How Trump broke the system that offers protection to Afghan allies
The debate over the tragedy in Afghanistan has swirled around why the U.S. was so slow in evacuating Afghan allies eligible for Special Immigrant visas (SIVs). There are many reasons. One is that the Trump administration intentionally broke the SIV processing system in 2017 creating a huge backlog of Afghan partners who could have been evacuated earlier.
The system was so gummed up that, by early 2021, the average wait time for an SIV had soared to well over two years.
I managed SIV operations in Iraq and served as a senior official in the State Department refugee bureau during the Trump administration. I witnessed first-hand how this process could be fixed and how the Trump administration sabotaged it.
In 2006, Congress established SIVs for Iraqis and Afghans who had worked for the U.S. military and U.S. government agencies. Initially, SIV issuance was painfully slow. Only 371 Iraqi and Afghan principal applicants (plus family members) received SIVs in 2008, as former employees on the list were being targeted for murder in Iraq.
In 2009, Samantha Power (now USAID administrator) was named senior coordinator for Iraqi Refugees and Internally Displaced Persons in Washington. I was posted to our embassy in Baghdad to head our small team that worked to break the SIV logjam.
Each night we went to sleep fearing someone on our SIV or refugee list might be assassinated. None was killed waiting for an SIV while we were there, but others have met more dire fates since.
Washington pushed and we worked closely with U.S. and UN agencies. Staff toiled day and night to sift through vetting databases. SIV issuance accelerated. The number of Iraqi SIVs increased from 172 in 2008 to 1,418 in 2009 and 940 in 2010. We made progress and saved lives.
In 2011, two individuals who entered the U.S. as refugees were indicted for seeking to aid terrorists in Iraq. The vetting system was tightened and SIV issuances decreased before picking up again.
In 2017, the new administration tried to implement a ban on Muslims entering the U.S. and ordered the implementation of “extreme vetting” of foreign nationals, including SIV applicants.

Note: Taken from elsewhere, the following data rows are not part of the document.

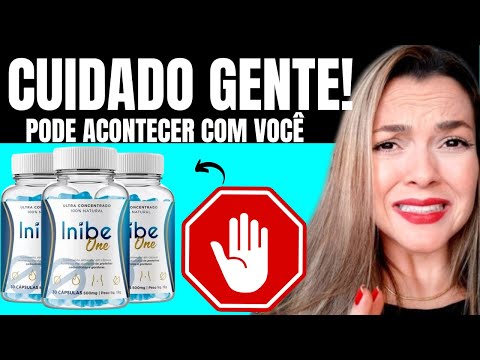 INIBE ONE FUNCIONA? (❌✅😢CUIDADO!) INIBE ONE VALE A PENA? INIBE ONE É BOM? INIBE ONE EMAGRECE MESMO?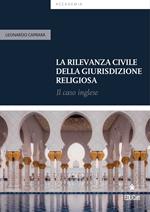 La rilevanza civile della giurisdizione religiosa. Il caso inglese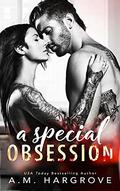 A Special Obsession by A.M. Hargrove
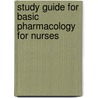 Study Guide For Basic Pharmacology For Nurses by Bruce D. Clayton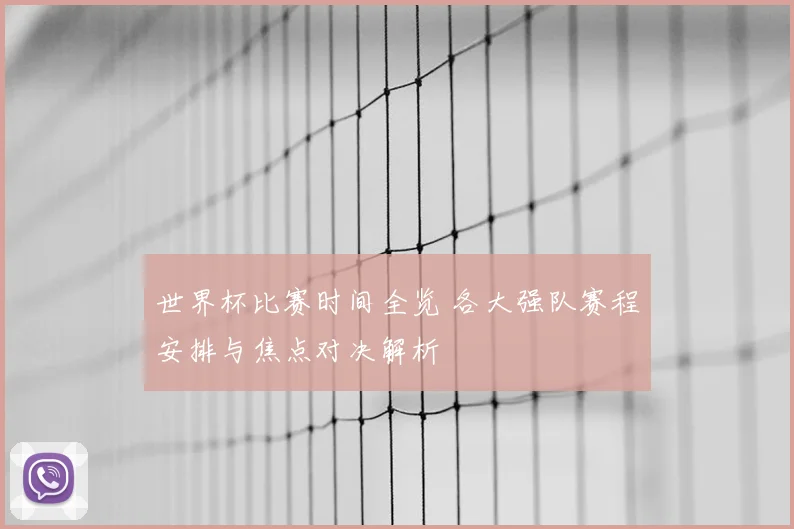 世界杯比赛时间全览 各大强队赛程安排与焦点对决解析
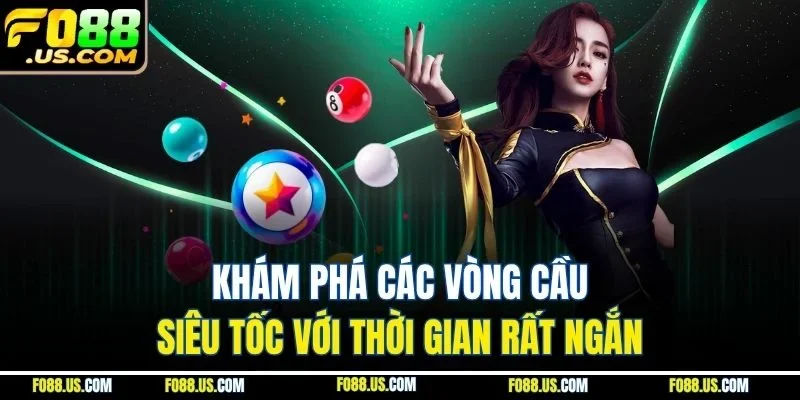 Khám phá các vòng cầu siêu tốc với thời gian rất ngắn Khám phá các vòng cầu siêu tốc với thời gian rất ngắn
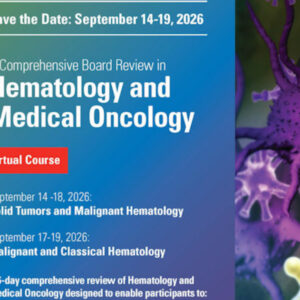 The University of Texas MD Anderson Cancer Center A Comprehensive Board Review in Hematology and Medical Oncology 2026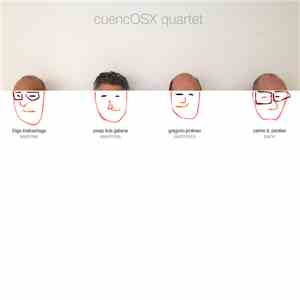 Íñigo Ibaibarriaga, Josep Lluís Galiana, Gregorio Jiménez, Carlos D. Perales - cuencOSX quartet download flac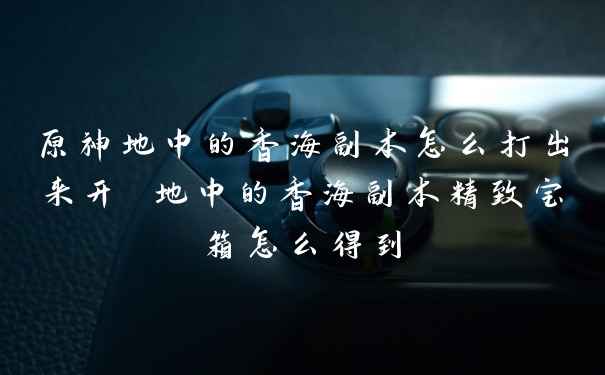 原神地中的香海副本怎么打出来开 地中的香海副本精致宝箱怎么得到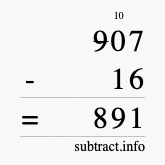 Calculate 907 minus 16 using long subtraction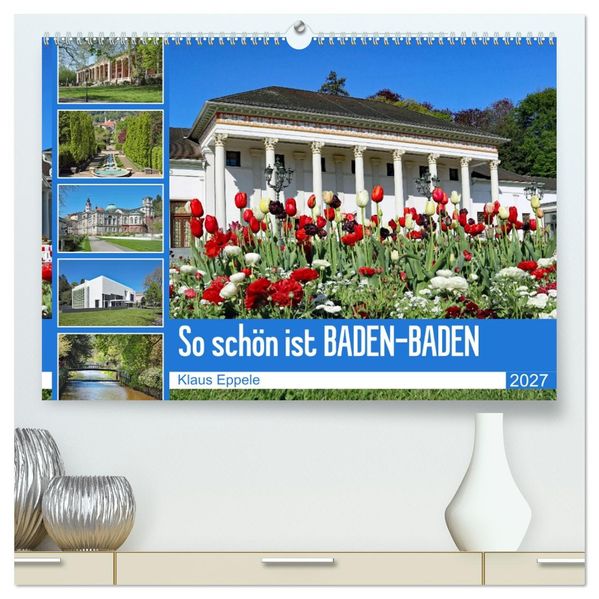 So schön ist Baden-Baden (hochwertiger Premium Wandkalender 2027 DIN A2 quer) Kunstdruck in Hochglanz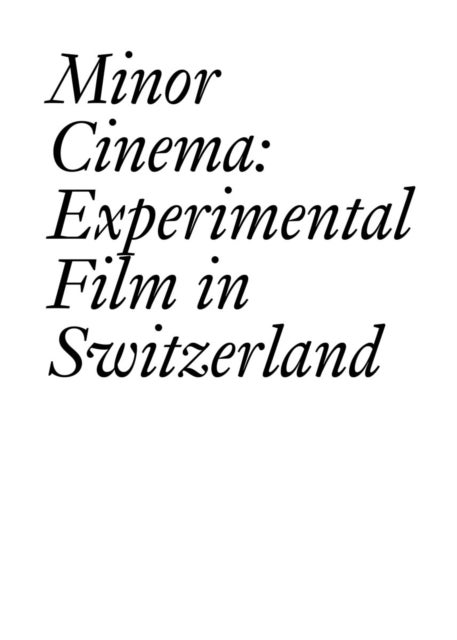 Minor Cinema: Experimental Film in Switzerland - Experimental Film in Switzerland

Under the White House’s direction, and Department of Homeland Security leadership, Washington agencies proposed new and in some cases duplicative and impractical vetting procedures.
I briefed a senior appointee on the many additional steps, noting that we had accepted all agency recommendations. She answered that this was not enough and that the White House wanted something concrete. She asked if we could just exclude certain countries.
The White House announced the new vetting system in an executive order on Sept. 24, 2017, including specific country exclusions.
We knew the new procedures would slow processing, and that some added steps were frankly excessive and potentially counter-productive. Nonetheless, we thought the new system could work. We were wrong.
We did not anticipate that the Trump administration would systematically strip personnel in various agencies from refugee and SIV processing, reassigning law enforcement and intelligence officials to other duties. Even minor or ambiguous issues could bring vetting to a standstill.
In effect, President Trump and aide Stephen Miller greatly increased the vetting workload and then starved the system of resources to do the job.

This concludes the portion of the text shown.